2) Ambito oggettivo della riservatezza interna in mediazione
L’obbligo che grava durante la procedura sui soggetti sopra individuati secondo il disposto dell’art. 9 D. Lgs. 28/2010, ovvero la riservatezza interna, ha ad oggetto le seguenti circostanze (ambito oggettivo):
  1. le dichiarazioni rese dalle parti”
  2. le informazioni acquisite durante il procedimento”.
Non tutto quello che accade o viene dichiarato nel corso del procedimento di mediazione è infatti coperto da segretezza e dunque i soggetti della procedura hanno il divieto di divulgarlo, ma la riservatezza ha un ambito oggettivo più ristretto e specifico, avendo ad oggetto unicamente queste due circostanze.

Poiché, di conseguenza, l’obbligo di riservatezza ha un evidente contraltare su quella che è l’area della corretta verbalizzazione da parte del mediatore, si comprende quindi come tutte le circostanze di tempo, di luogo, le identità delle presenze all’incontro, i fatti storici che accadono all’incontro, etc. non siano coperte da riservatezza e dunque la parte e il legale le potranno divulgare, ed altresì il mediatore le potrà verbalizzare.

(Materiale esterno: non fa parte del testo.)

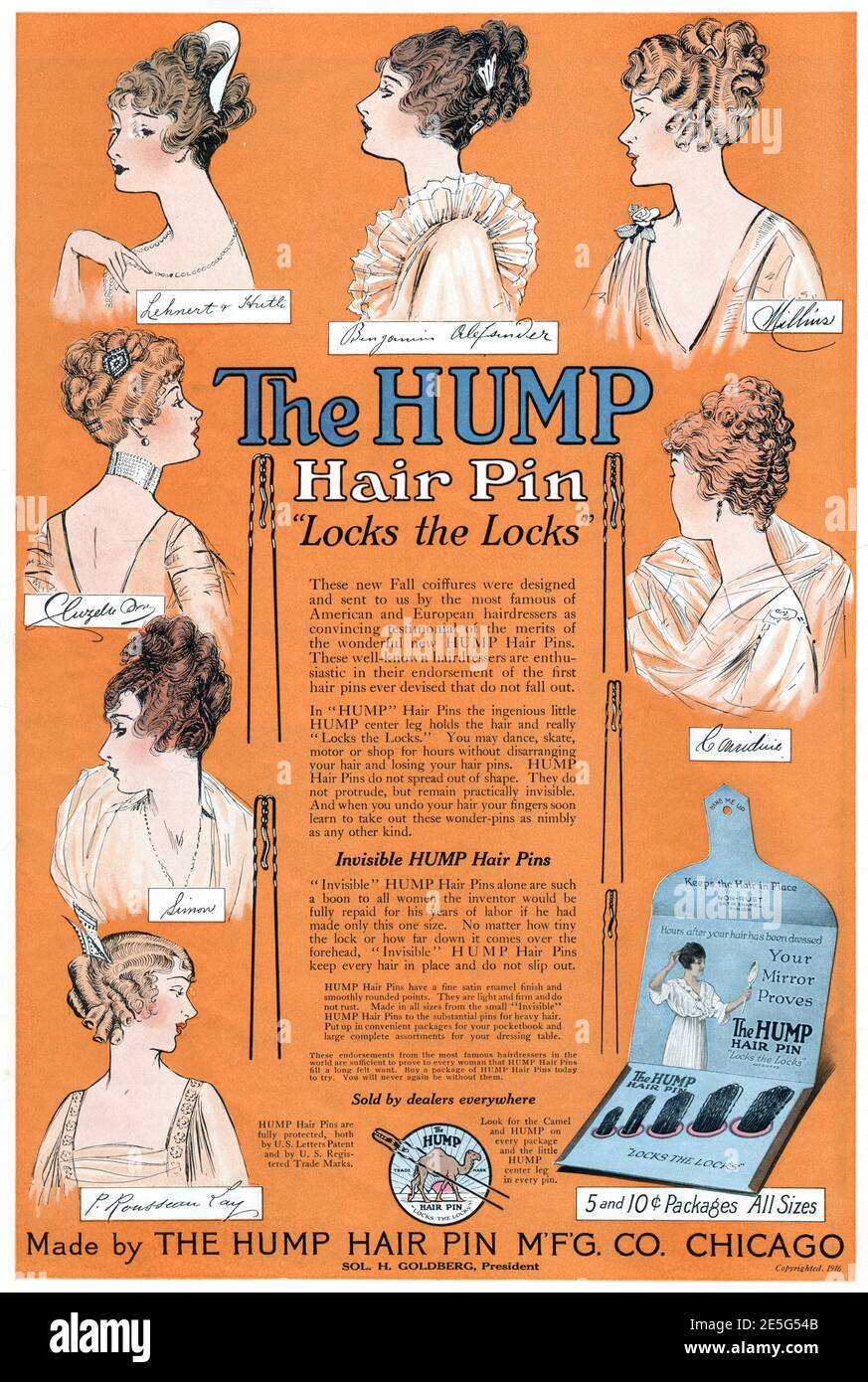 Hump's hairpins Vintage Werbung vom Delineator Magazine, August 1916 Stockfoto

Di contro, le illustrazioni delle questioni, le proposte e controproposte delle parti, i riconoscimenti reciproci che ciascuno possa fare nel corso della negoziazione, le motivazioni delle proposte o dei dinieghi dovrebbero essere coperti da segreto ex art. 9 e non dovrebbero essere verbalizzati dal mediatore (salvo espresso consenso della parte da cui provengono, che di tale riservatezza può disporre anche rinunciandovi).

In relazione alle sessioni riservate di ciascuna parte col solo mediatore, invece, va ricordato il rafforzato dovere di segreto che ha riguardo alle “dichiarazioni rese e alle informazioni acquisite nel corso delle sessioni separate”, per le quali il mediatore deve tenere segretezza assoluta verso le altre parti, salvo consenso della parte dichiarante o dalla quale provengono le informazioni, che può rinunciarvi.